Understanding expense ratios is important if you have invested in a fund (or ever plan to). Whether we’re talking about Exchange Traded Funds (ETFs) or Mutual Funds, you can be sure of one thing: shareholders are charged an expense ratio to cover expenses of the fund.
This charge is not explicitly paid by you, the shareholder, to the fund. Instead, the expense ratio is taken directly from the value of the fund; this reduction in value is reflected in the fund’s daily Net Asset Value (NAV) or, simply put, the fund’s market value per share. Shareholders “pay” the expense ratio indirectly through the value of their investment – as the fund’s returns to shareholders are reduced by operating costs, the value of a shareholder’s investment decreases as well.
The expense ratio is usually expressed as a percent.

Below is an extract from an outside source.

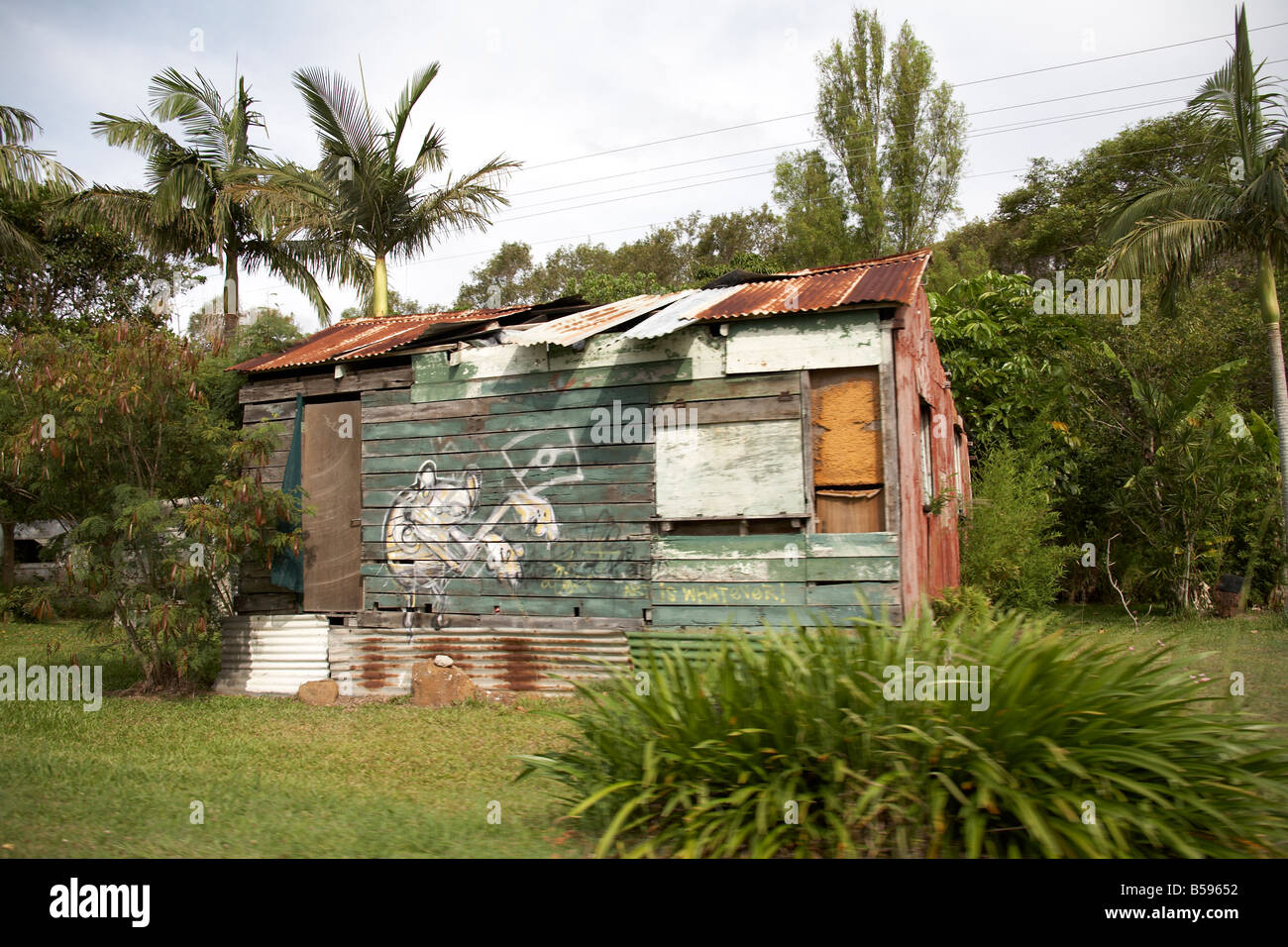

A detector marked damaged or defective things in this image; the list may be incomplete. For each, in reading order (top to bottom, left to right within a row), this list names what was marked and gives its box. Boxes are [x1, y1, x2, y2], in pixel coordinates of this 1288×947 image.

rusty corrugated iron roof [228, 307, 531, 374]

For example, if the total cost for running a fund is $10 and the fund has total assets under management of $1,000, the expense ratio is 1%. The expenses included in the expense ratio charge vary depending on the fund in question, but generally include administrative, management, and advertising (12b-1*) fees.

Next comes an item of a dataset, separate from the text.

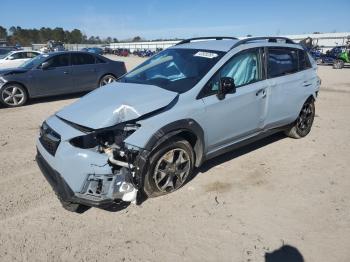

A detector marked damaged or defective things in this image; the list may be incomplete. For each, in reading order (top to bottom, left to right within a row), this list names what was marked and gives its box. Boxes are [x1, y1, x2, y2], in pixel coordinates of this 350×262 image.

crumpled hood [57, 82, 179, 129]
damaged subaru crosstrek [35, 36, 320, 212]
wrecked vehicle [36, 36, 320, 212]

One way you can think about the expense ratio (sometimes called the Management Expense Ratio) is as a measure of efficiency. The lower an expense ratio is, the more efficient fund management is with their resources (and your money).
Armed with this knowledge, you may be tempted to pick a fund to invest in because it has the lowest expense ratio you’ve seen and call it a day. However, there are other factors to consider than just the expense.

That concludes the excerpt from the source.